(Extracted information)
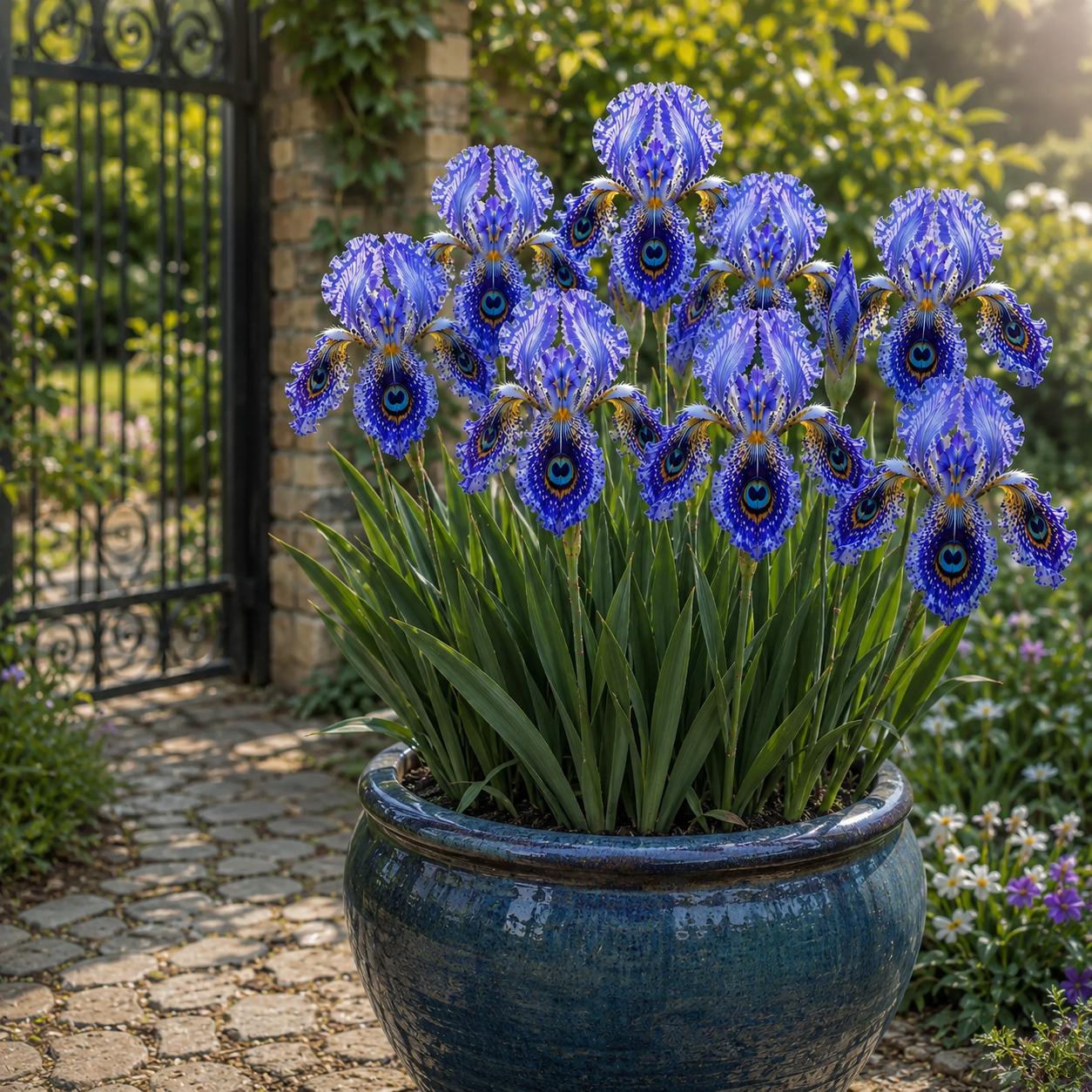 🦚 Peacock Eye Iris Bulb Series-#1 Blue Purple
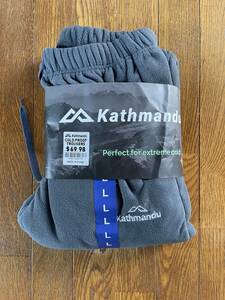 新品　ニュージーランドKathmandu　-30度対応　超防寒インナーパンツ　キャンプパンツ　L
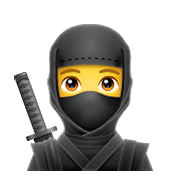 Emoji 🥷 Ninja su WhatsApp 2.20.206.24.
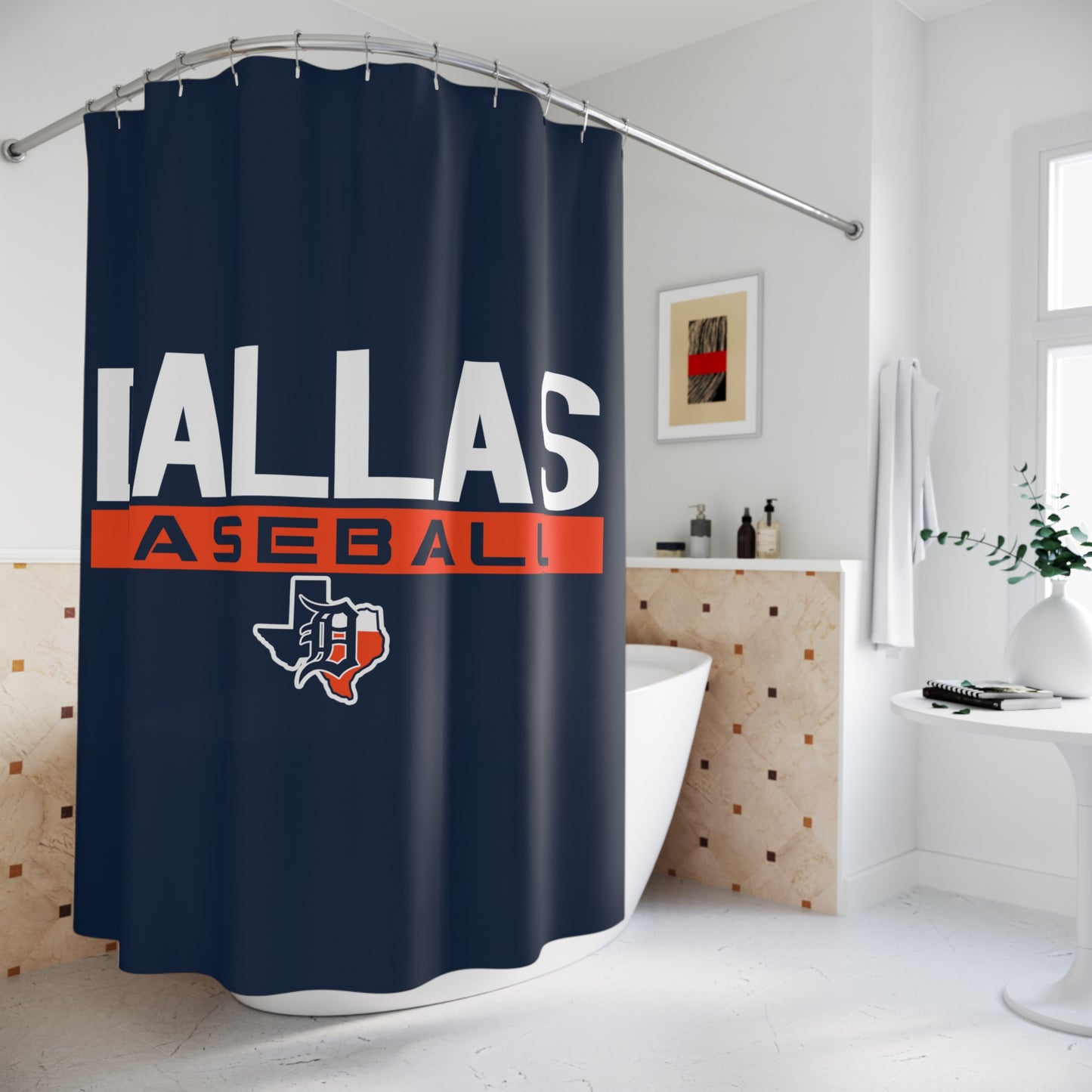 Shower Curtains Dallas Tigers Baseball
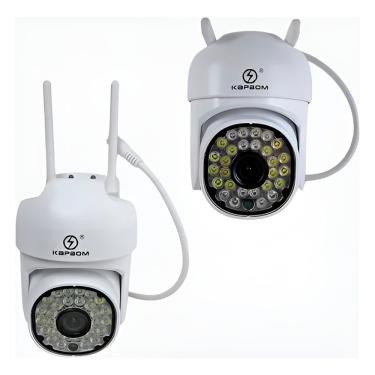 Imagem de Câmera IP Shopmix Wifi Externa Prova D'água Visão Noturna FHD 1080p 5MP PTZ 355 graus  Branco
(End Extracted information)
What you should do:
What you return should match the material line for line, with the images removed.

Reply to the task:
 🦚 Peacock Eye Iris Bulb Series-#1 Blue Purple
 新品　ニュージーランドKathmandu　-30度対応　超防寒インナーパンツ　キャンプパンツ　L
 Emoji 🥷 Ninja su WhatsApp 2.20.206.24.
 Shower Curtains Dallas Tigers Baseball
 Imagem de Câmera IP Shopmix Wifi Externa Prova D'água Visão Noturna FHD 1080p 5MP PTZ 355 graus  Branco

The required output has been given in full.